Essa classe de fármacos é
utilizada rotineiramente no tratamento de dislipidemia. É
uma das doenças mais comuns na população mundial, que mais
mata porque leva à formação de placas de ateroma nas artérias.
Dessa maneira, as artérias vão sendo gradativamente obstruídas
e acabam levando o paciente à morte por infarto do miocárdio
ou derrame – que na linguagem médica é chamado de acidente
vascular cerebral (AVC). Além disso, se ocorrer obstrução
de artérias em outras regiões do corpo humano pode levar à
amputação ou mesmo a perda de órgãos, como o rim, por exemplo.

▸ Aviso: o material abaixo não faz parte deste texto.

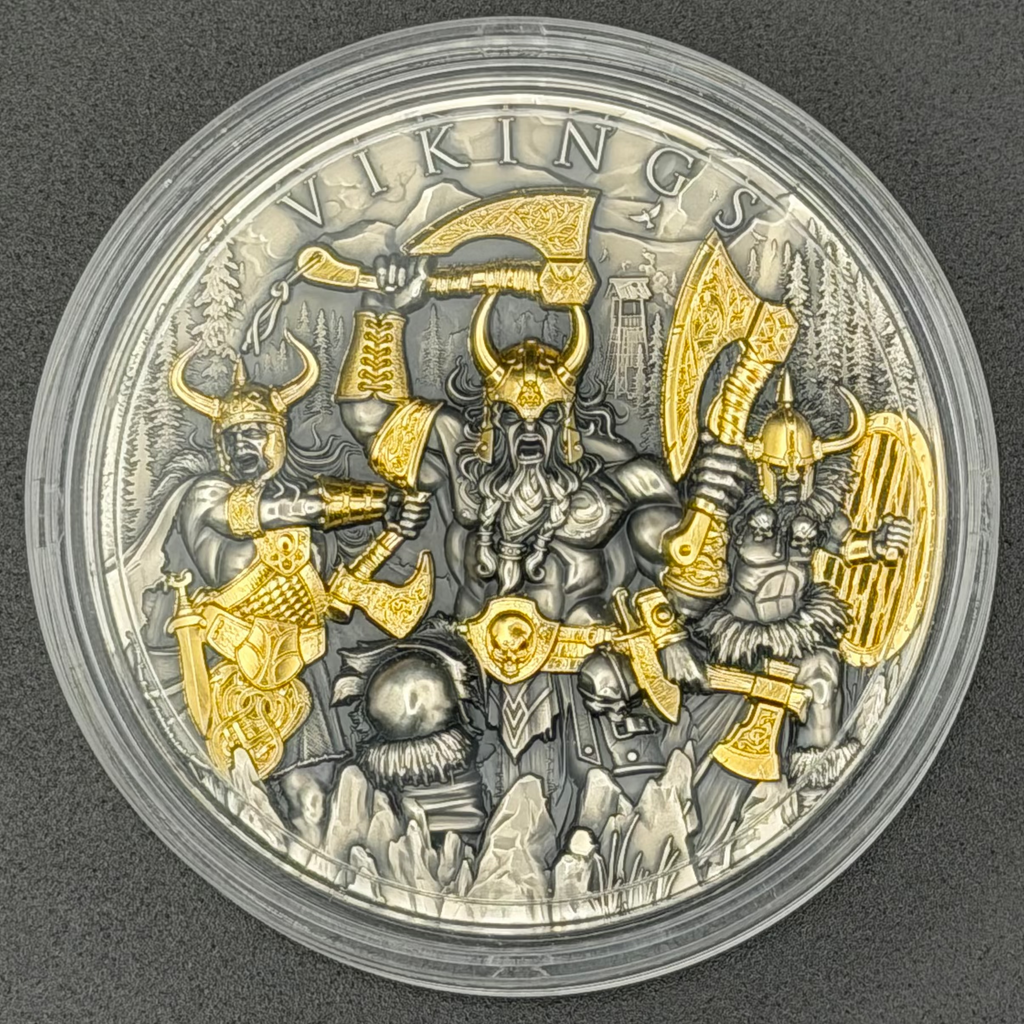 2024 Niue 2 oz Silver Vikings (Gold Gilded)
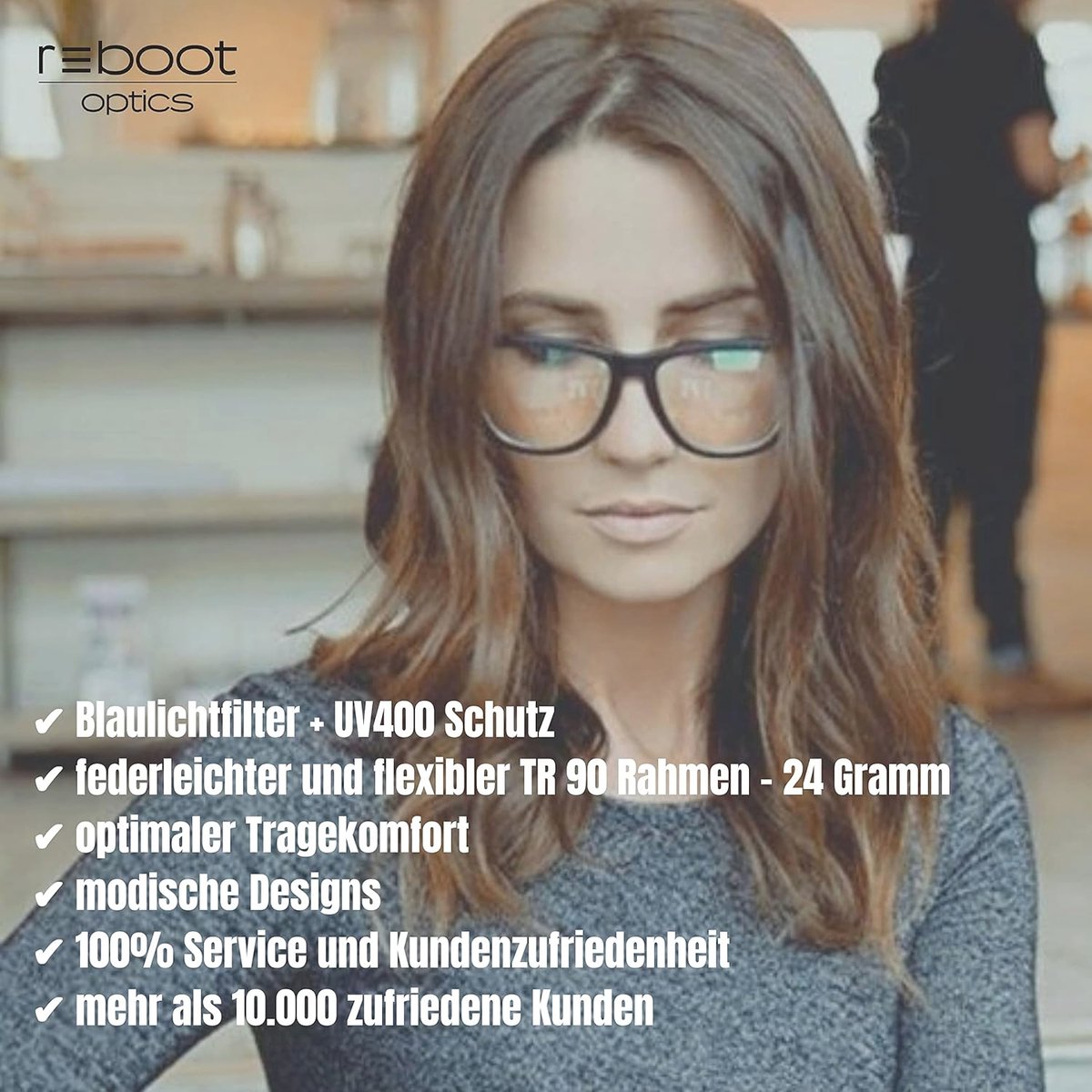 Blauwe Licht Computerbril voor Hoofdpijn en Oogvermoeidheid | Unisex | Flexibel en Lichtframe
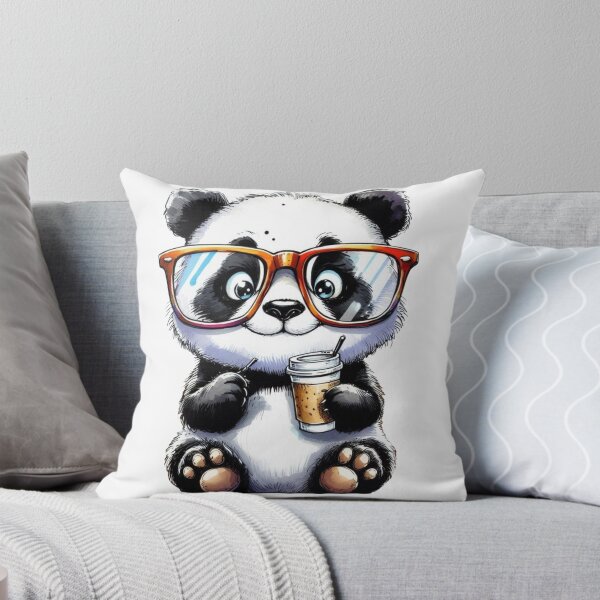 Item preview, Cute Panda with Glasses and Coffee designed and sold by AcruxUltra.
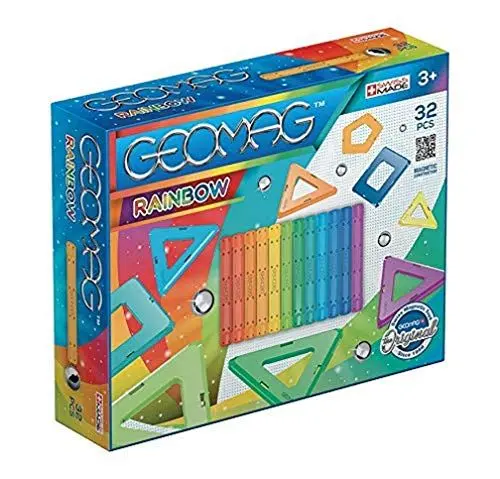 Produktbild: GEOMAG - CLASSIC RAINBOW - 32 Stück - Magnetische Bausteine für Kinder ab 3 Jahren - Hergestellt in der Schweiz - Bunte Bausteine mit 12 Stäben, 9 Kugeln, 11 Platten - Magnetisches STEM-Spielzeug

Basicamente, três causas podem
levar ao nível de colesterol elevado. A primeira é genética.
A segunda concentra-se nas causas ambientais, onde a mais
comum é a alimentação feita de forma errada. A terceira está
no estilo de vida sedentário, com baixa atividade física.
Como muitas pessoas acabam associando as três causas, o risco
de morte torna-se iminente.
Artigo
aceito para publicação
“Reduction of endoplasmic reticulum stress - a novel
mechanism of action of statins in the protection against
atherosclerosis”. Ikaro Breder, Andressa Coope, Ana
Paula Arruda, Daniela Razolli, Marciane Milanski, Gabriel
Dorighello, Helena C. de Oliveira e Lício A. Velloso.
Revista Atherosclerosis, maio de 2010.